Waveform quality control. The right radial artery was used for catheter access. Fluoroscopy
was used to confirm the catheter position at each arterial site and the catheter was flushed
before all waveform recordings. Stable pressure waveforms were recorded for a minimum of
20 seconds at each arterial site to reduce the influence of respiratory variation. Waveforms
were recorded via analogue-to-digital signal converter at a frequency of 1000 Hz (LabChart 7,
AD Instruments, Bella Vista, Australia). The dynamic response of the fluid-filled catheter
system was assessed by performing ‘pop-tests’ and confirmed in the appropriate range outlined
by Gardner1 (natural frequency >18 Hz and the damping coefficient >0.3).
Details of cuff BP devices. Standard cuff BP was measured using three different device models
and four different individual devices (independently validated or Food and Drug Authority
cleared) at four different time points: First, during the angiography pre-assessment visit,
typically the day prior to the angiogram, a single seated BP was measured by a nurse
(WelchAllyn Spot Vital Signs (5200-103Z), Skaneateles Falls, NY, USA).2 Second, prior to
the catheterization, whilst in the waiting room, cuff BP was measured simultaneously on both
arms, using two identical devices (UA767, A&D Medical, Tokyo, Japan), with participants
either supine or seated.3, 4 Third, before commencing the coronary angiogram, duplicate cuff
BP measurements were taken whilst the participant was supine in the catheterization laboratory
(SphgymoCor Xcel, AtCor Medical, West Ryde, Australia). Fourth, after the clinical
procedure, cuff BP was measured once simultaneous with intra-arterial brachial BP
(SphygmoCor Xcel). For all cuff measurements, participants were asked to remain still and
quiet throughout the recordings.
Independent confirmation study measurement methods. All studies performed aortic and
brachial intra-arterial measurements sequentially, except Lin et al6, which used a dual sensor
2
catheter to perform simultaneous measurements. Two of the confirmation studies used Omron
HEM 9000AI cuff devices, Pucci et al, unpublished and Ding et al, 20137, whilst the other
studies used VP-2000 (Colin Corporation, Komaki, Japan)8 and WatchBP Office (Microlife,
Widnau, Switzerland)6 devices. These devices have all been validated according to
international guidelines or FDA cleared for brachial BP measurement.5, 9 In all studies, cuff BP
was measured on the arm contralateral to the intra-arterial BP measures. Full methods for the
published studies are available.6-8
3
Expanded Results
Aortic and radial augmentation index increased stepwise across the four BP phenotypes (Table
2 of the manuscript). The following additional analysis was performed to examine whether
radial augmentation index provided information distinct from the BP phenotypes, or whether
it could be used as a non-invasive method to discriminate BP phenotypes:
1. The relationship between aortic and radial augmentation index was strong (albeit not
perfect) when assessed across all subjects (r=0.71, p<0.0001). However, the
relationships varied substantially between the 4 phenotypes (phenotype 1, r=0.61,
p=0.0002; phenotype 2, r=0.81, p<0.0001; phenotype 3, r=0.41, p=0.038; phenotype 4,
r=0.62, p=0.0013). Thus, considerable variation in aortic augmentation index cannot be
explained by radial augmentation index.
2. Cuff BP was significantly increasing, or trending towards increasing, across quartiles
of radial augmentation index (Table S2 below), which was in contrast to the 4
phenotypes where there were no differences in cuff BP (nor any trends), no matter how
or when it was measured (p>0.2 all, Table 3 of the manuscript).

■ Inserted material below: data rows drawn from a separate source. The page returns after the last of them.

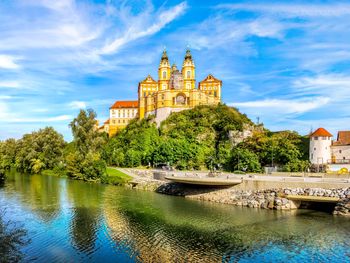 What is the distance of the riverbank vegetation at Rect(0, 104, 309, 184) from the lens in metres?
57.3

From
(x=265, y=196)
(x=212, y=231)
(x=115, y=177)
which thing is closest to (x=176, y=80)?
(x=115, y=177)

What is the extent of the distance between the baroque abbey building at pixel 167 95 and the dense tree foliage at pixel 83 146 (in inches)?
771

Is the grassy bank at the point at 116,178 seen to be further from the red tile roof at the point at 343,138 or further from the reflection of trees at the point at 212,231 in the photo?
the red tile roof at the point at 343,138

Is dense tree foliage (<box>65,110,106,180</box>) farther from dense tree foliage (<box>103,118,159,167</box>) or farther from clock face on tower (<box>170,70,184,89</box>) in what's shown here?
clock face on tower (<box>170,70,184,89</box>)

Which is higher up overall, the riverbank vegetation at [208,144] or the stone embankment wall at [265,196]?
the riverbank vegetation at [208,144]

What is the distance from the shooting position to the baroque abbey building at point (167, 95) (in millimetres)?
85438

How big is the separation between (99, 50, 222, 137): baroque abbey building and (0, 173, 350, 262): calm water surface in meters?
47.0


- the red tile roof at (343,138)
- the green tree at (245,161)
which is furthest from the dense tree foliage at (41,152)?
the red tile roof at (343,138)

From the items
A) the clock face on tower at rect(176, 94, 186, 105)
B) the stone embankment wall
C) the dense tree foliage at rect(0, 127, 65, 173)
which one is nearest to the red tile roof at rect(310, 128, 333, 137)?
the stone embankment wall

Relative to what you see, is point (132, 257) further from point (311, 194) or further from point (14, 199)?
point (14, 199)

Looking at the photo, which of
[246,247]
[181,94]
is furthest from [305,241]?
[181,94]

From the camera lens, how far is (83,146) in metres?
70.2

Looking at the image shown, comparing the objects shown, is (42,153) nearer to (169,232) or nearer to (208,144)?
(208,144)

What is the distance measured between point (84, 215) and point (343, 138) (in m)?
41.8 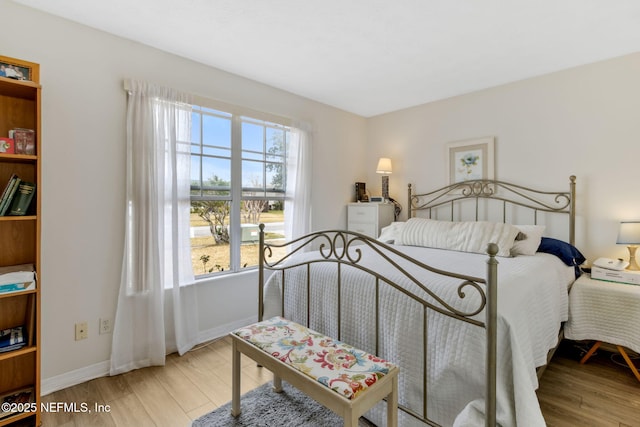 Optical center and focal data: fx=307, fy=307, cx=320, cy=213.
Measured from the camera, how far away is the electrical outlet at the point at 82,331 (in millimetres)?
2074

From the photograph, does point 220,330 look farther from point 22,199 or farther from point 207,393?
point 22,199

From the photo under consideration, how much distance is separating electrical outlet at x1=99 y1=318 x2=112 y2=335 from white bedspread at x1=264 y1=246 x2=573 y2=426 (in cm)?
128

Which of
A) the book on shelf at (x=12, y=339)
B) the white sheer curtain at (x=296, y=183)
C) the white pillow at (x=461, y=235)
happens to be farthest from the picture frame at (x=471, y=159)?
the book on shelf at (x=12, y=339)

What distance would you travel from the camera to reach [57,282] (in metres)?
2.00

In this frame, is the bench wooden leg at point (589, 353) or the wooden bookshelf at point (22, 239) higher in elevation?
the wooden bookshelf at point (22, 239)

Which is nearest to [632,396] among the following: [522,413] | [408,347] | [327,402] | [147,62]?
[522,413]

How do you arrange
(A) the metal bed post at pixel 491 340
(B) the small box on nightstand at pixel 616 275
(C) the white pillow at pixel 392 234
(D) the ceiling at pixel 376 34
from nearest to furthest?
1. (A) the metal bed post at pixel 491 340
2. (D) the ceiling at pixel 376 34
3. (B) the small box on nightstand at pixel 616 275
4. (C) the white pillow at pixel 392 234

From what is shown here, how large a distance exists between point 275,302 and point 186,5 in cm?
202

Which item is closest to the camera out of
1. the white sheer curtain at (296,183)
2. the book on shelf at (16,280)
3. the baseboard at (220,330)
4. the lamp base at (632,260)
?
the book on shelf at (16,280)

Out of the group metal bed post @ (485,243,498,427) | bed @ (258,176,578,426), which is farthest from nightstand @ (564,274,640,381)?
metal bed post @ (485,243,498,427)

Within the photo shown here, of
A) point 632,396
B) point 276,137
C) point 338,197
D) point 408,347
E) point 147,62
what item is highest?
point 147,62

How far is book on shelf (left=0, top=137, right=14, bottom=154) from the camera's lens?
1.63 m

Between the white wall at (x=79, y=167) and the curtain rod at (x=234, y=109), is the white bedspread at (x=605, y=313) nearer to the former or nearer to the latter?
the curtain rod at (x=234, y=109)

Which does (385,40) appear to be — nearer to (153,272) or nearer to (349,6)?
(349,6) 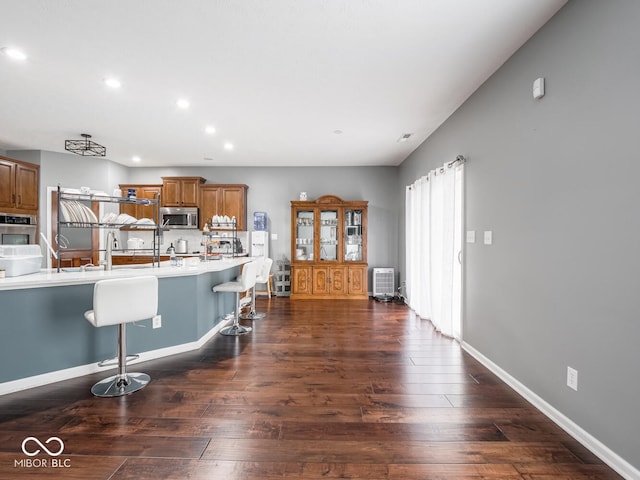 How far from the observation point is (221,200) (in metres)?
6.31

3. There was a trend for intra-arterial brachial SBP to increase across quartiles of radial
augmentation index (Table S2 below), whereas intra-arterial brachial SBP was near to
unchanged across phenotypes 1 to 4 (p=0.90, Table 2 of the manuscript).
4. There was a significant correlation between cuff SBP and radial augmentation index
(r=0.24, p=0.0080), whereas neither aortic-to-brachial SBP amplification nor brachial-
to-radial SBP amplification were significantly correlated with cuff SBP (r=-0.076,
p=0.41 and r=-0.0019, p=0.98, respectively).

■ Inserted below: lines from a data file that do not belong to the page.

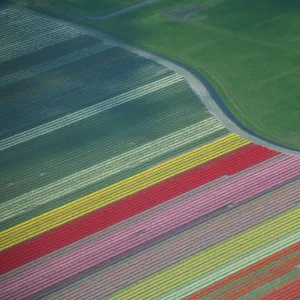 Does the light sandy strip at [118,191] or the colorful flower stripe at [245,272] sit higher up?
the light sandy strip at [118,191]

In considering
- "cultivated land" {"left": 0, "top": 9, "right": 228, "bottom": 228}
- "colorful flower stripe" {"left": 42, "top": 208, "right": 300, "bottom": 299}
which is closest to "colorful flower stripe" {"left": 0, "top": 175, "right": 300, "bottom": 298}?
"colorful flower stripe" {"left": 42, "top": 208, "right": 300, "bottom": 299}

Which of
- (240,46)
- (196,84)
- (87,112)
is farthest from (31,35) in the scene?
(240,46)

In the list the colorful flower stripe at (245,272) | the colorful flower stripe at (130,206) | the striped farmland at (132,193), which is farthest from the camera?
the colorful flower stripe at (130,206)

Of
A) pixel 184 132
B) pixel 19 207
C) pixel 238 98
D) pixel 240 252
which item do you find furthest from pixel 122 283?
pixel 238 98

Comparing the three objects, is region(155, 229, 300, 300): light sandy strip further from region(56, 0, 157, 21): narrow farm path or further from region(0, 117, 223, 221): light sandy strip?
region(56, 0, 157, 21): narrow farm path

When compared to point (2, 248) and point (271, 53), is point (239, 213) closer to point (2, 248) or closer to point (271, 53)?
point (2, 248)

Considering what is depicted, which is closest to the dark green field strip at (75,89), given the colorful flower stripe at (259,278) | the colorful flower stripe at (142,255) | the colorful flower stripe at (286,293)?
the colorful flower stripe at (142,255)

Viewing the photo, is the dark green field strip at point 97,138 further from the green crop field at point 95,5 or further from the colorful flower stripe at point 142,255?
the green crop field at point 95,5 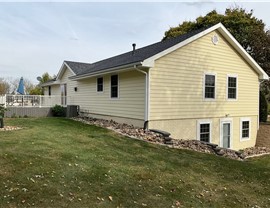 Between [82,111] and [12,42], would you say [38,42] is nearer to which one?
[12,42]

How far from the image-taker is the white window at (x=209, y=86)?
12505 millimetres

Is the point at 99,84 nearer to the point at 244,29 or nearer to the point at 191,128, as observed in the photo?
the point at 191,128

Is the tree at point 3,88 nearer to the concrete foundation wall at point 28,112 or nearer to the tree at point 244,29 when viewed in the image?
the concrete foundation wall at point 28,112

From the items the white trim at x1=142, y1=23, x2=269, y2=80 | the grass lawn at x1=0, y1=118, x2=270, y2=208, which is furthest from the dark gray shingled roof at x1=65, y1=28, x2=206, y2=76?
the grass lawn at x1=0, y1=118, x2=270, y2=208

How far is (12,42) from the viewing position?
19.7 meters

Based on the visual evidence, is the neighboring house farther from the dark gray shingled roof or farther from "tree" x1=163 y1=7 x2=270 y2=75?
"tree" x1=163 y1=7 x2=270 y2=75

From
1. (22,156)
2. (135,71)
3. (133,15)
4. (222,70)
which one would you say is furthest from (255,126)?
(22,156)

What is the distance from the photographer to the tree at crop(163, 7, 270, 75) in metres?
19.7

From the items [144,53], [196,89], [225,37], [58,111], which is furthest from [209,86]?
[58,111]

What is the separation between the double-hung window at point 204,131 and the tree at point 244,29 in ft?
33.4

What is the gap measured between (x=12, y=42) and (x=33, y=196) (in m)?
18.8

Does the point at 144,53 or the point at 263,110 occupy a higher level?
the point at 144,53

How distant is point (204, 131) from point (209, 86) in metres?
2.30

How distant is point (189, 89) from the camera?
1186 cm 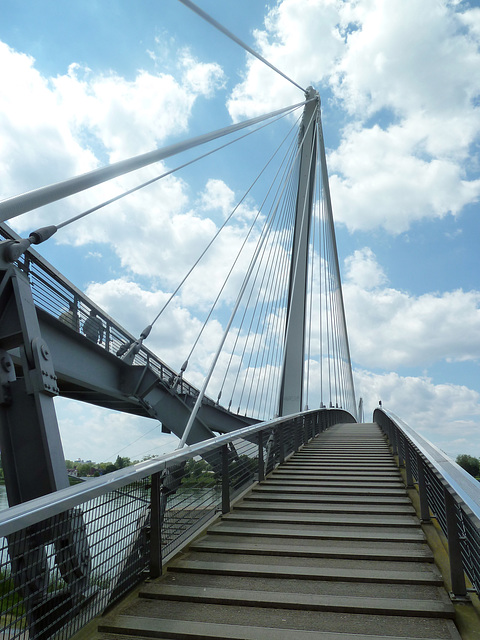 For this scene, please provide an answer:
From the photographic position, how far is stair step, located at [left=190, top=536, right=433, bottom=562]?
396cm

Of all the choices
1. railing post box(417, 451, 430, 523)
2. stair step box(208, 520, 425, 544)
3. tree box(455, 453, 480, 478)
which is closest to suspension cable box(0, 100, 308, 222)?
stair step box(208, 520, 425, 544)

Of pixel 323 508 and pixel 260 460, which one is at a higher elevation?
pixel 260 460

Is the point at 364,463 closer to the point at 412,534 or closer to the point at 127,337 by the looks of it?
the point at 412,534

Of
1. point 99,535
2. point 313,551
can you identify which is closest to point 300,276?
point 313,551

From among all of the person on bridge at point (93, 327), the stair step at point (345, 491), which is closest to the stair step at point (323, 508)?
the stair step at point (345, 491)

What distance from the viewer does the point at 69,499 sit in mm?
Answer: 2527

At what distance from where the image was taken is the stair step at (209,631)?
2697 millimetres

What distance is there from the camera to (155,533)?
3596 millimetres

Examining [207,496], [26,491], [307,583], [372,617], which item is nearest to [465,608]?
[372,617]

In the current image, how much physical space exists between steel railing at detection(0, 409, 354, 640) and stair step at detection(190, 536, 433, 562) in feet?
0.97

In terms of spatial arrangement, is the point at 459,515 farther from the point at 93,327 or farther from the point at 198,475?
the point at 93,327

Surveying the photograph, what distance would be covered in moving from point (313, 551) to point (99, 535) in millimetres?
1934

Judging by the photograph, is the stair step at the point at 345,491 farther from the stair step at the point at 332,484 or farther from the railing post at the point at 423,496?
the railing post at the point at 423,496

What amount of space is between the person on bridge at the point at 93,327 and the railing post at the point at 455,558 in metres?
9.82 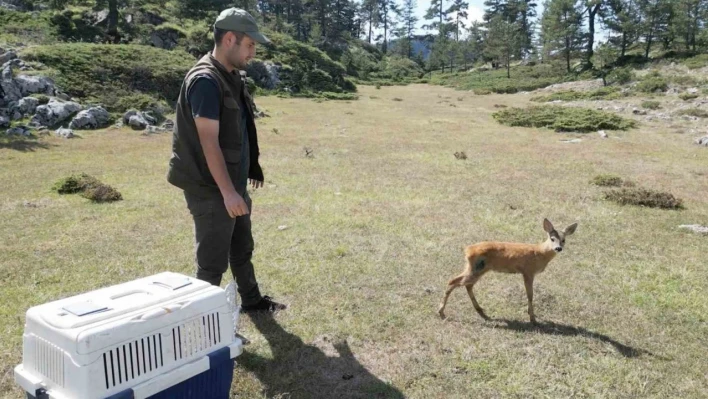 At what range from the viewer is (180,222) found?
8.16 m

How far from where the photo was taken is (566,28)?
51.8 meters

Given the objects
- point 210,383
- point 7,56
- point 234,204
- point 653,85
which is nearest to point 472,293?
point 234,204

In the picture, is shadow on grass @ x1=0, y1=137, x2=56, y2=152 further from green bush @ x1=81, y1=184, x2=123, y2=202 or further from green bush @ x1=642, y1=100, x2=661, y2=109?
green bush @ x1=642, y1=100, x2=661, y2=109

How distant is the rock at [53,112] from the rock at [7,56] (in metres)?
3.35

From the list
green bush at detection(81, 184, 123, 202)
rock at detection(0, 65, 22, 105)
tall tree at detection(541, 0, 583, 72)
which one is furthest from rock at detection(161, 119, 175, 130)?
tall tree at detection(541, 0, 583, 72)

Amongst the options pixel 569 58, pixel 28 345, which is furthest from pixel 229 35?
pixel 569 58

5. When we tested the univariable correlations of cuff error (cuff SBP – invasive aortic
SBP) with aortic-to-brachial SBP amplification and radial AIx, there were significant
relationships (r=0.44 and r=-0.34, respectively, p<0.001 for both). However, when both
variables were entered into a multiple regression analysis, only aortic-to-brachial SBP
amplification was significantly related to the cuff error (Table S3 below).

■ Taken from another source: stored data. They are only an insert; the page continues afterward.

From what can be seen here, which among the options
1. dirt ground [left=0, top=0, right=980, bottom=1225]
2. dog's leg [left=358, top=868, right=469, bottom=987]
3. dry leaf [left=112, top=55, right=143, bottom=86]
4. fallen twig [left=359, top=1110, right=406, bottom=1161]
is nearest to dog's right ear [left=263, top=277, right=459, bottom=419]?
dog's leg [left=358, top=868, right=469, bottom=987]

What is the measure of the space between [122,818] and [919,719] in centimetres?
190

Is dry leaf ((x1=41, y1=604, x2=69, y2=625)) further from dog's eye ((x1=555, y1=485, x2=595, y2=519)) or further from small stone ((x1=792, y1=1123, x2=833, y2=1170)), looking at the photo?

6. Addition of radial AIx to the multivariable analyses in Table S4 did not significantly
alter the relationship between aortic SBP and BP phenotype.
Taken altogether, although radial augmentation index may be a useful waveform feature to
help delineate phenotypic differences irrespective of cuff BP, the level of SBP amplification
provides information that is separate and additive to that of radial augmentation index.
Details of sensitivity analyses. The phenotypic differences in aortic SBP and PP were not
altered after adjusting models for age, sex, height, heart rate, diabetes status or hypertension
status (Table S4). From the simplified analysis assessing people with aortic-to-brachial SBP
amplification (phenotypes 1 and 2 combined) compared to those with no aortic-to-brachial SBP
amplification (phenotypes 3 and 4 combined) the SBP findings were unchanged after adjusting
for age, sex, height, heart rate, diabetes status or hypertension status, but the difference in aortic
PP was non-significant (Table S4).
A sub-analysis was also completed on 83 people who had available data on use of
antihypertensive and statin therapies, both of which did not alter the phenotypic findings (Table
S5). We also performed a sensitivity analysis, including people where heart rate differences
between the aorta-to-brachial, brachial-to-radial or aorta-to-radial arteries were <5 beats/min
(n=103). Findings were not altered compared to the complete analysis (data not shown).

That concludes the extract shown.